> **Collected data**
- Opening Delimiter -
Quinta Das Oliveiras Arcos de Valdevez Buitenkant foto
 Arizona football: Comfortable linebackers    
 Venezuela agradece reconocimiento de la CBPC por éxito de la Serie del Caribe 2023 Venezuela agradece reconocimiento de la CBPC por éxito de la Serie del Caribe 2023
- Closing Delimiter -
> **What is required**
Prepare a faithful transcription of the material above, with nothing altered.

> **Your solution**
Quinta Das Oliveiras Arcos de Valdevez Buitenkant foto
 Arizona football: Comfortable linebackers    
 Venezuela agradece reconocimiento de la CBPC por éxito de la Serie del Caribe 2023 Venezuela agradece reconocimiento de la CBPC por éxito de la Serie del Caribe 2023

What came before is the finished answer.